Isu Uang Rp250 Juta di Polresta Magelang Viral di TikTok, Kuasa Hukum: Fitnah, Bukan Fakta



Yogyakarta – satupena.my.id – Isu panas menyeruak di media sosial TikTok. Sebuah unggahan dari salah satu media online menuding Polresta Magelang meminta uang Rp250 juta terkait penanganan perkara tambang ilegal yang menjerat Adi Rikardi. Tuduhan ini memicu kehebohan dan sorotan publik.
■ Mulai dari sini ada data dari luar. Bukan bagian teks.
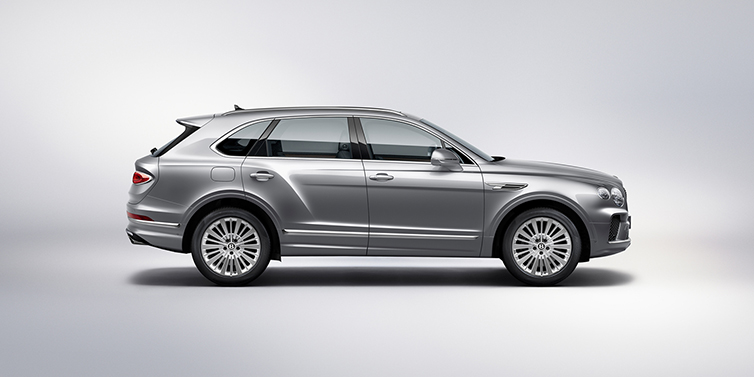 Bentley Jakarta Bentley Bentayga SUV side profile in Moonbeam silver paint against white background featuring 21 inch 5 spoke wheels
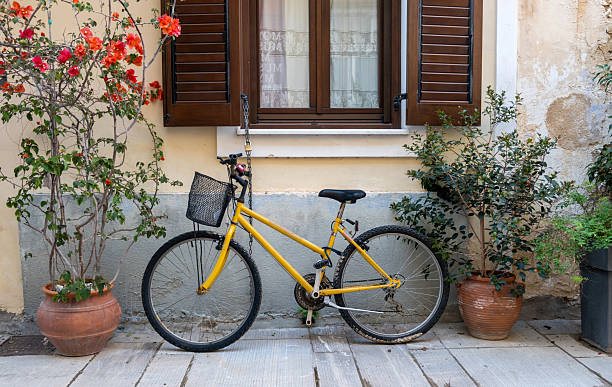 istock Yellow bicycle with a front basket parked infront of a rustic wall with open wooden shutters, potted plants and flowers, Nafplio city street scene 2230841205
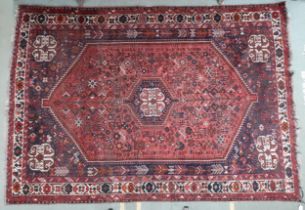 A lot comprising a red ground Abadeh rug with dark blue central medallion, matching spandrels and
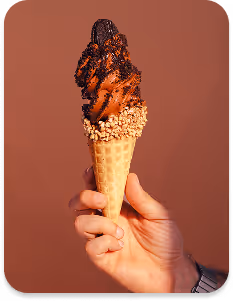 Person wearing gloves dispensing soft serve ice cream into a waffle cone from a machine.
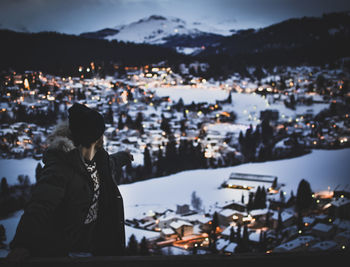 Man against illuminated cityscape during winter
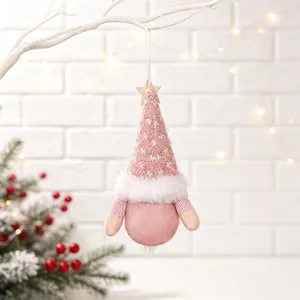 Close-up of pink plush Christmas gnome ornament hanging from a white decorative branch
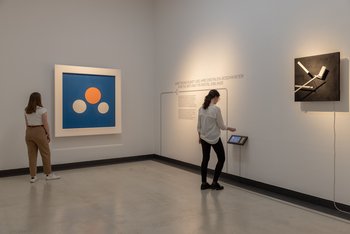 zwei Personen betrachten zwei an der Wand hängende Kunstwerke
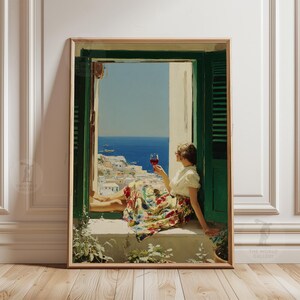 May include: A framed art print depicting a person sitting in an open window with green shutters, holding a glass of red wine. The person wears a white top and a floral skirt, overlooking a coastal town with white buildings and a blue sea.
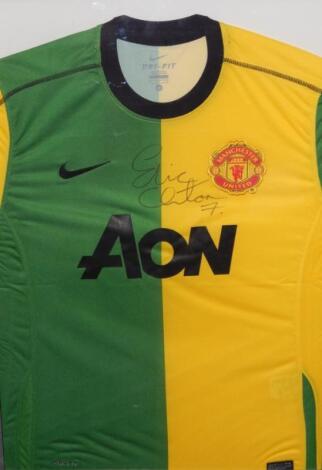 Eric Cantona. A hand signed Manchester United shirt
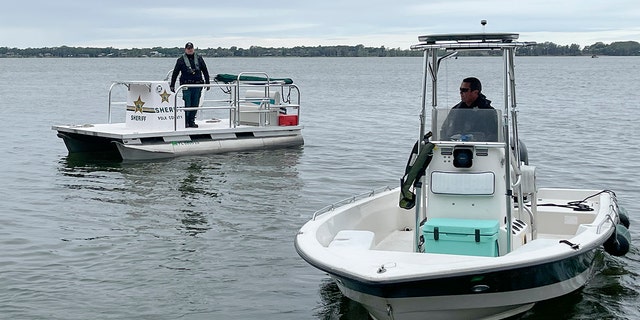 The men had jumped into the choppy water to help Orlando Ortiz's girlfriend, who believed she had to jump into the water to secure the anchor, officials said.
Perkara yang melibatkan Adi Rikardi diproses berdasarkan SPDP Nomor: SPDP/79/VI/RES.5.5/2025/Reskrim tertanggal 5 Juni 2025 dan Surat Penetapan Tersangka Nomor: S.Tap/129/VII/RES.5.5/2025/Reskrim tertanggal 11 Juli 2025. Ia disangka melanggar ketentuan terkait menampung dan menjual pasir dari penambang ilegal.


Klarifikasi Kuasa Hukum


Dalam konferensi pers di Yogyakarta, Selasa (6/8/2025), Radetya Andreti H.N., S.H. dari Law Office Radetya & Associates, didampingi tim hukumnya, menegaskan:


“Informasi yang beredar terkait adanya permintaan uang Rp250 juta oleh pihak Polresta Magelang kepada klien kami adalah tidak benar. Unggahan tersebut dibuat tanpa izin dan tanpa sepengetahuan kami.”
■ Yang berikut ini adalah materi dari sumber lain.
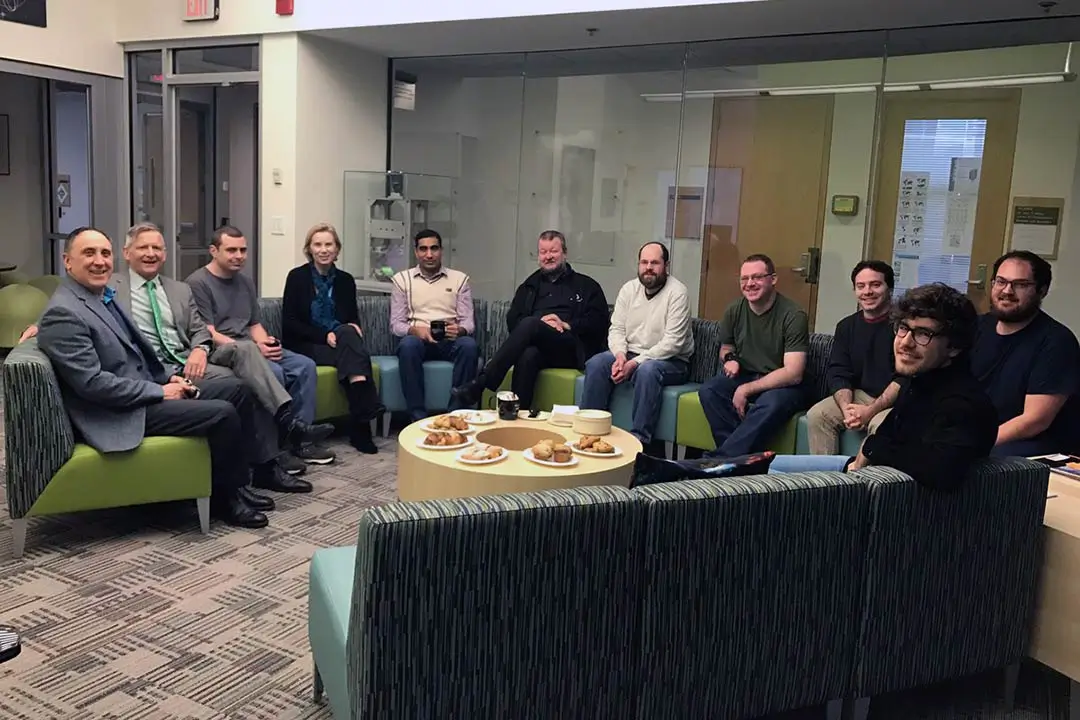 A group of faculty and students sitting on a sectional sofa in a lounge.
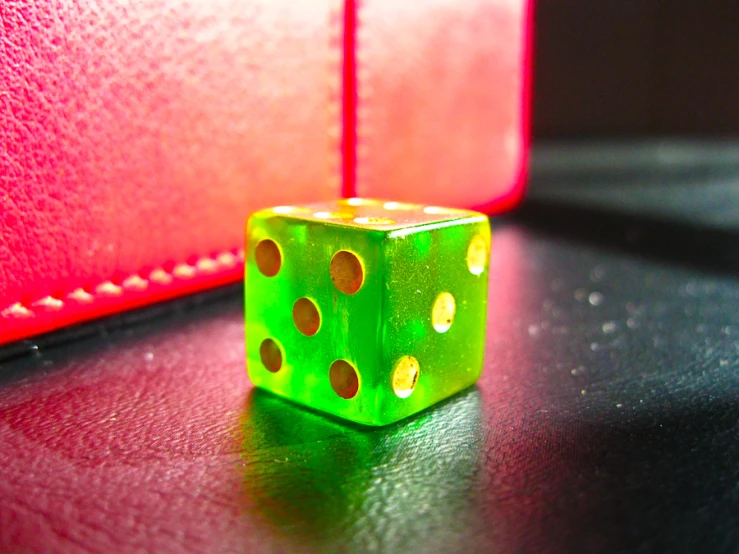 a green dice sitting on top of a red case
Tim kuasa hukum yang menangani perkara ini meliputi:


1. Radetya Andreti H.N., S.H.


2. R. Aditya Wicaksono, S.H.


3. Widodo Rudianto, S.H.


4. R. Mochamad Akbar Nurliansyah, S.H.


Radetya menjelaskan, informasi yang sempat didapat klien telah dipelintir sehingga menyesatkan publik. Ia meminta maaf atas kegaduhan yang terjadi dan mengimbau publik memahami duduk persoalan sebenarnya.


Bijak Bermedia Sosial


Radetya mengingatkan pentingnya kehati-hatian dalam menyampaikan informasi di era media sosial.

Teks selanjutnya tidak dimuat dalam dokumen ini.